Your answer must be an exact copy of the data below, minus any pictures.

== Source records ==

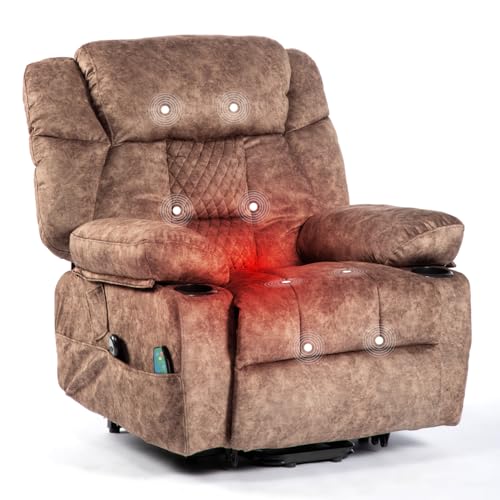 Power Lift Recliner Chair Recliners for Elderly with Heat and Massage Recliner Chair for Living Room with Cup Holders, Remote Control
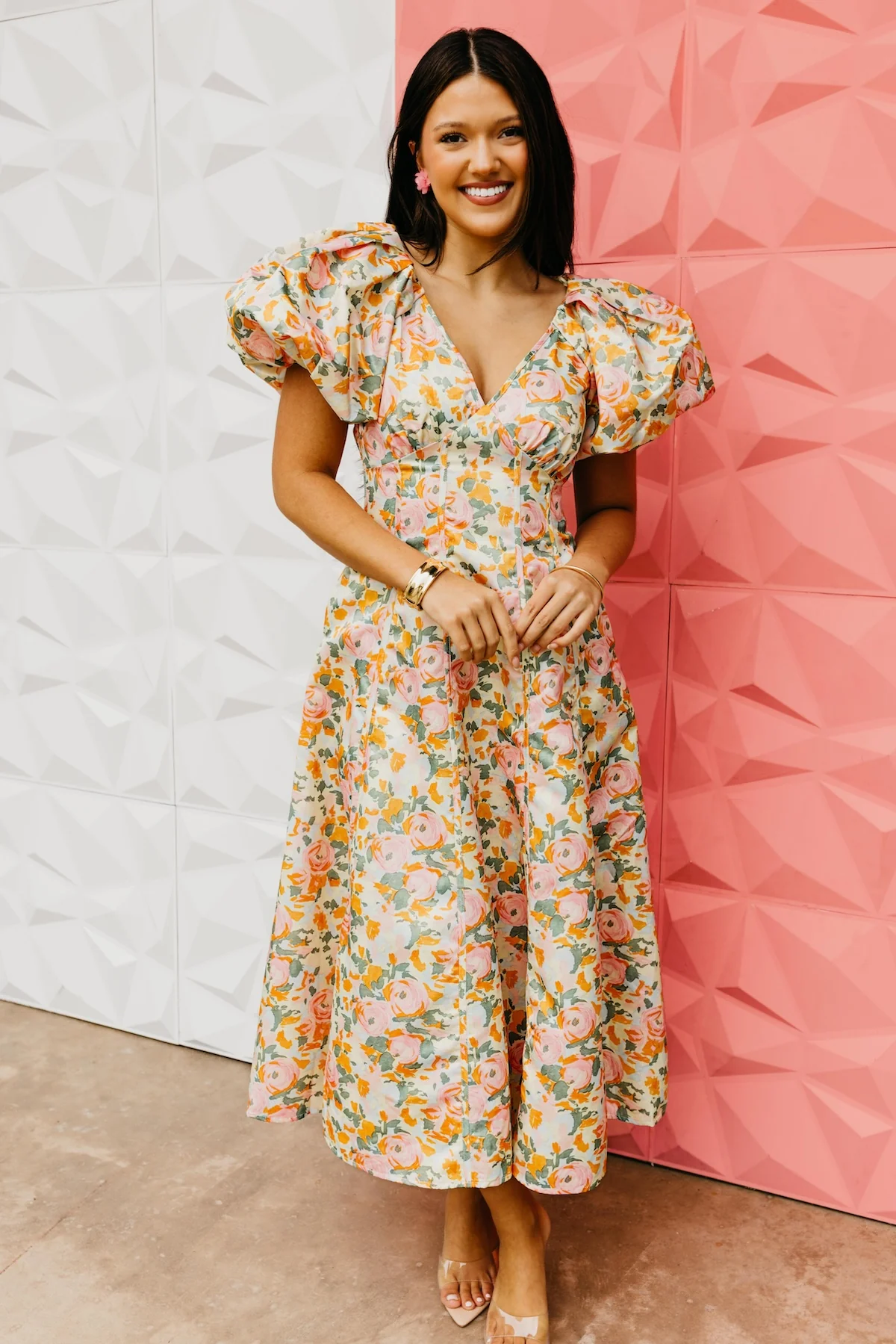 The Brinley Floral Puff Sleeve Maxi Dress - Image 9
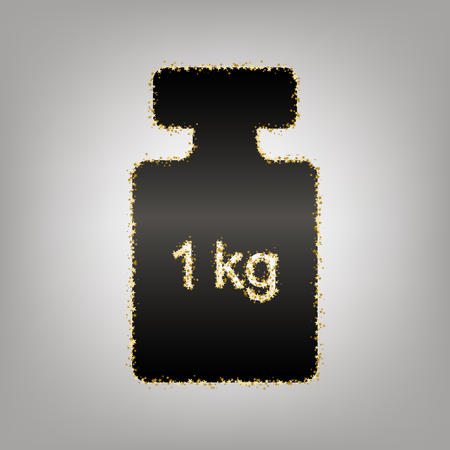 Weight simple sign. Vector. Blackish icon with golden stars at grayish background.のイラスト素材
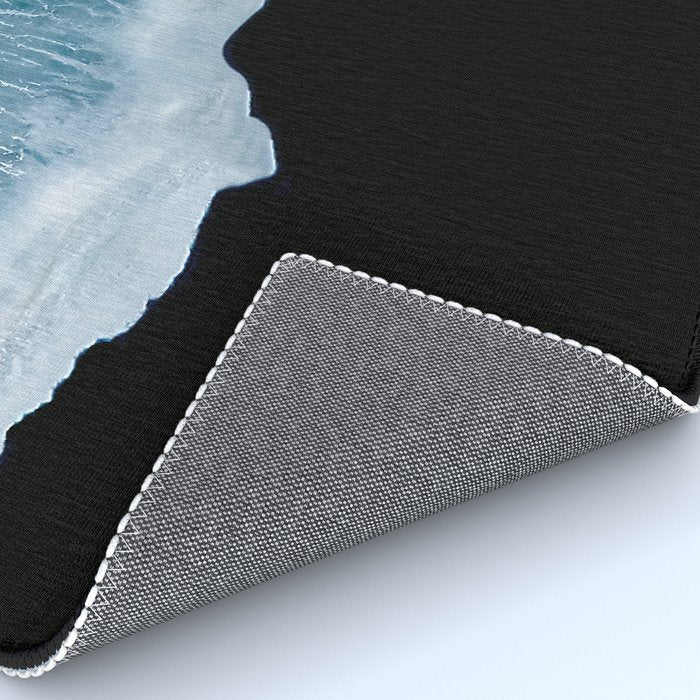 Minimalist wave crashing on a black sand beach in Iceland â Ocean Landscape Photography Rug Gallery Image 4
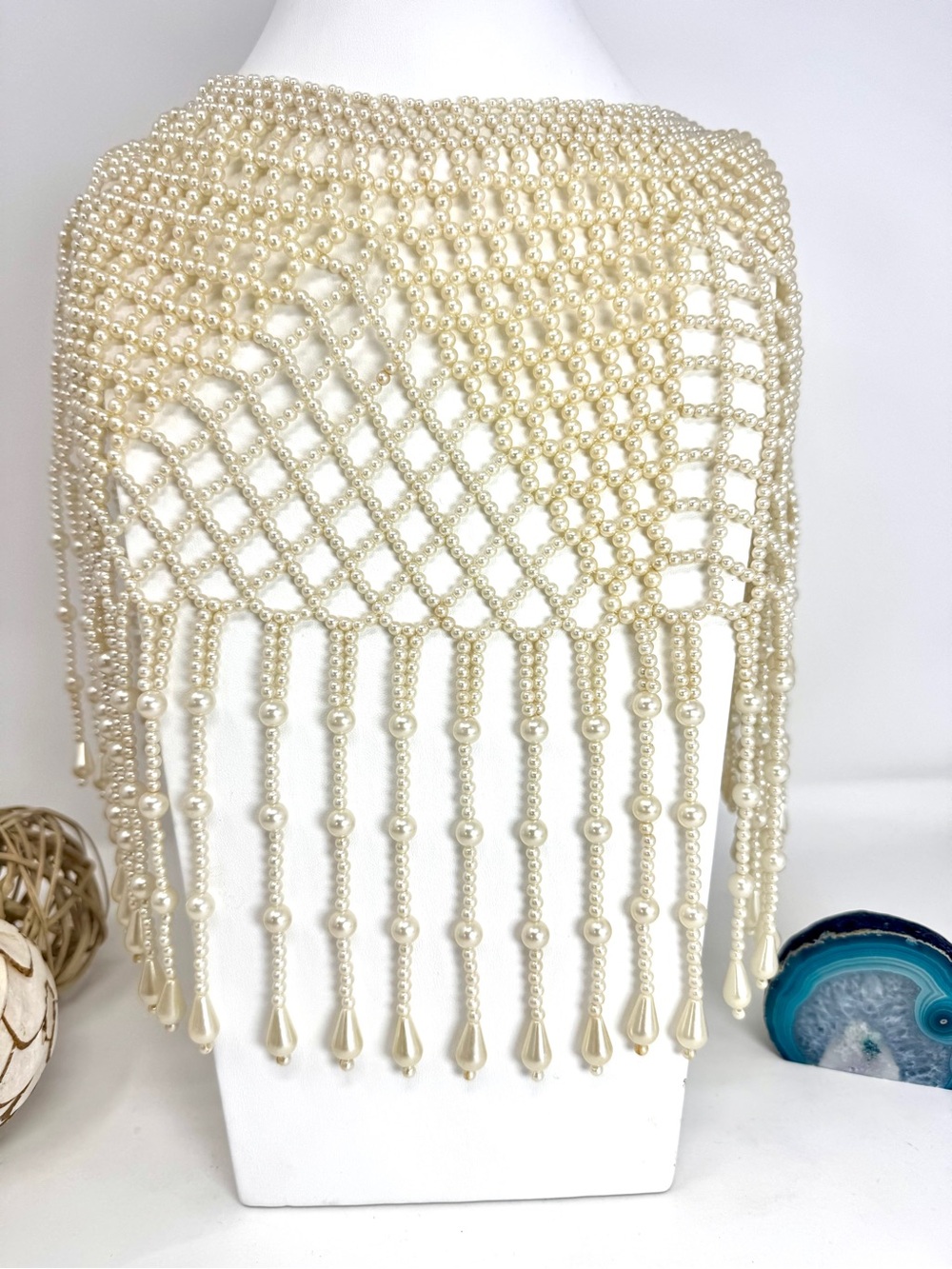 Handcrafted Ivory Faux Pearl Capelet Body Chain — Bridal Shoulder Necklace Shrug - Picture 2 of 8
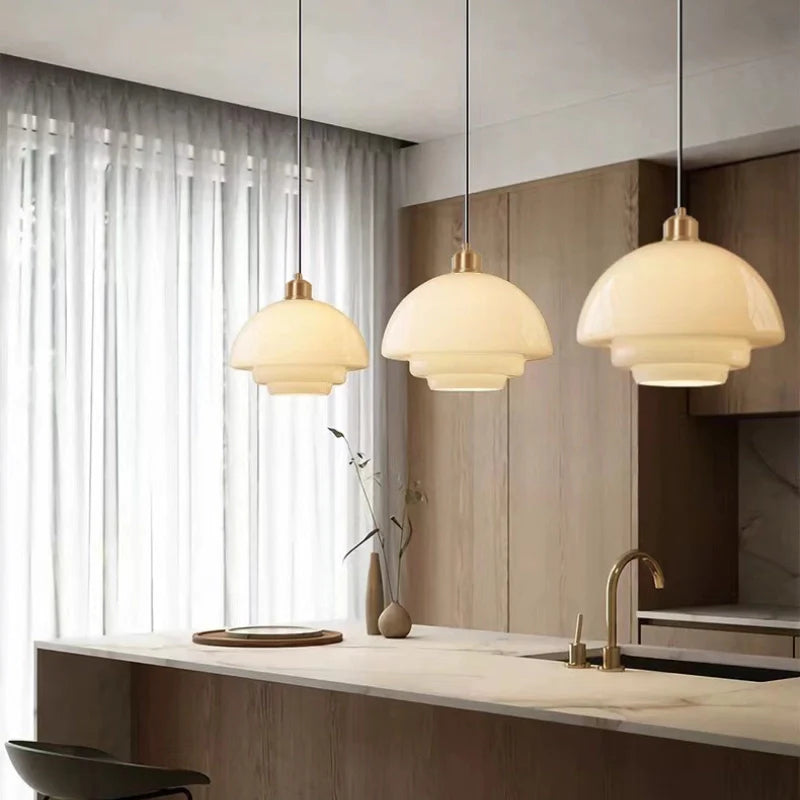 Cream Pendant Light | UFO Style Ceiling Lighting for Dining Room & Kitchen | Lologe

===

- [Output for this exercise]
 Power Lift Recliner Chair Recliners for Elderly with Heat and Massage Recliner Chair for Living Room with Cup Holders, Remote Control
 The Brinley Floral Puff Sleeve Maxi Dress - Image 9
 Weight simple sign. Vector. Blackish icon with golden stars at grayish background.のイラスト素材
 Minimalist wave crashing on a black sand beach in Iceland â Ocean Landscape Photography Rug Gallery Image 4
 Handcrafted Ivory Faux Pearl Capelet Body Chain — Bridal Shoulder Necklace Shrug - Picture 2 of 8
 Cream Pendant Light | UFO Style Ceiling Lighting for Dining Room & Kitchen | Lologe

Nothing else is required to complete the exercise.